## EXERCISE INSTRUCTIONS:
Among the entries below, please repeat exactly and only the lines from the line containing "1 Left front light cluster" to the line containing "Salary distribution trend", both lines included.

### EXTRACTED DATA ###

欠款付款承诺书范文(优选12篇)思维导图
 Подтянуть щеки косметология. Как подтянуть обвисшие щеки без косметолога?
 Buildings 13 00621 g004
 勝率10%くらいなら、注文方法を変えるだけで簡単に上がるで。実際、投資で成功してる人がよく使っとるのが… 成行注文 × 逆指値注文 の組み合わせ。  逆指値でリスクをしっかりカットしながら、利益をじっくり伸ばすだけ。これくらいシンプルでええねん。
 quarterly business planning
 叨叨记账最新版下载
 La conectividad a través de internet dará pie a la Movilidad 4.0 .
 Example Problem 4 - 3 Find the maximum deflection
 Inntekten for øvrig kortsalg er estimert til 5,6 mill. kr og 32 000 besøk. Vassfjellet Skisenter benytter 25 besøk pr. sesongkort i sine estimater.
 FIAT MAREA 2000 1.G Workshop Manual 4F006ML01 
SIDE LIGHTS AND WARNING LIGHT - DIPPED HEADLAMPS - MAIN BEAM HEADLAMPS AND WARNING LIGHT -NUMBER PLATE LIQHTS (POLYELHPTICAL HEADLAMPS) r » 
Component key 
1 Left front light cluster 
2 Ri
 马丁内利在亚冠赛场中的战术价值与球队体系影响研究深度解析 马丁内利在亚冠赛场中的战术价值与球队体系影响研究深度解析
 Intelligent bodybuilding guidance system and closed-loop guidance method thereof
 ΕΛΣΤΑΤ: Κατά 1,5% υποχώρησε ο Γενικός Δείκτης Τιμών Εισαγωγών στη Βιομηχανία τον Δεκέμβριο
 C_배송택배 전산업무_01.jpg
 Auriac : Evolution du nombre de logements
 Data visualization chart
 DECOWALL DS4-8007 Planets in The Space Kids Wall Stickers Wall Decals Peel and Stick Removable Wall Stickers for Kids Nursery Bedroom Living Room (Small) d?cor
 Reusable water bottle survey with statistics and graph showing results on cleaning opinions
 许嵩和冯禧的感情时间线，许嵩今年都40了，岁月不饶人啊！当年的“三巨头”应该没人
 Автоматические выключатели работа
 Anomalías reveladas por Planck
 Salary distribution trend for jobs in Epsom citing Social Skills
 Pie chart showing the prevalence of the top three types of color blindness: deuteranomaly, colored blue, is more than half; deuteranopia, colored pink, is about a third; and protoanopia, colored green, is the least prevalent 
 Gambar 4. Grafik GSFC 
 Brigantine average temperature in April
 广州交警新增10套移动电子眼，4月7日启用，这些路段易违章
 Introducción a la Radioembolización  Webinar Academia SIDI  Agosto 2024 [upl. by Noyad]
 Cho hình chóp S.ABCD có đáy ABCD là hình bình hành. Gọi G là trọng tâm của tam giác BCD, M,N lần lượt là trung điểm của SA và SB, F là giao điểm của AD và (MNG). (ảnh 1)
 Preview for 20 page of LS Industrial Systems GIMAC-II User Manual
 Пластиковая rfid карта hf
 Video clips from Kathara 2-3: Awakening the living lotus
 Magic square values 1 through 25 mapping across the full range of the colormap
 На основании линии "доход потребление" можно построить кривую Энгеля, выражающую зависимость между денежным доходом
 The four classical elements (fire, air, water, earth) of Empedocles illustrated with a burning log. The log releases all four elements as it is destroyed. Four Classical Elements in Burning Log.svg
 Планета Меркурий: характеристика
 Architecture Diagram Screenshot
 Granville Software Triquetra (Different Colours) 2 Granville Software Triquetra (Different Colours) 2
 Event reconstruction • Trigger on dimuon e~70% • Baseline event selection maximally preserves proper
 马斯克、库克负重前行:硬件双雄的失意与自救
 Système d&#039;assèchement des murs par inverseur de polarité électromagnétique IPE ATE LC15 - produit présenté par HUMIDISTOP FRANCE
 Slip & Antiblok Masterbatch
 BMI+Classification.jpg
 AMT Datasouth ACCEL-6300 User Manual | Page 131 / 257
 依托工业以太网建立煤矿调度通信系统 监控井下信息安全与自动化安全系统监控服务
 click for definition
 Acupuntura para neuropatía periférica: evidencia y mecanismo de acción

###

## RESPONSE TO THE TASK:
1 Left front light cluster 
2 Ri
 马丁内利在亚冠赛场中的战术价值与球队体系影响研究深度解析 马丁内利在亚冠赛场中的战术价值与球队体系影响研究深度解析
 Intelligent bodybuilding guidance system and closed-loop guidance method thereof
 ΕΛΣΤΑΤ: Κατά 1,5% υποχώρησε ο Γενικός Δείκτης Τιμών Εισαγωγών στη Βιομηχανία τον Δεκέμβριο
 C_배송택배 전산업무_01.jpg
 Auriac : Evolution du nombre de logements
 Data visualization chart
 DECOWALL DS4-8007 Planets in The Space Kids Wall Stickers Wall Decals Peel and Stick Removable Wall Stickers for Kids Nursery Bedroom Living Room (Small) d?cor
 Reusable water bottle survey with statistics and graph showing results on cleaning opinions
 许嵩和冯禧的感情时间线，许嵩今年都40了，岁月不饶人啊！当年的“三巨头”应该没人
 Автоматические выключатели работа
 Anomalías reveladas por Planck
 Salary distribution trend for jobs in Epsom citing Social Skills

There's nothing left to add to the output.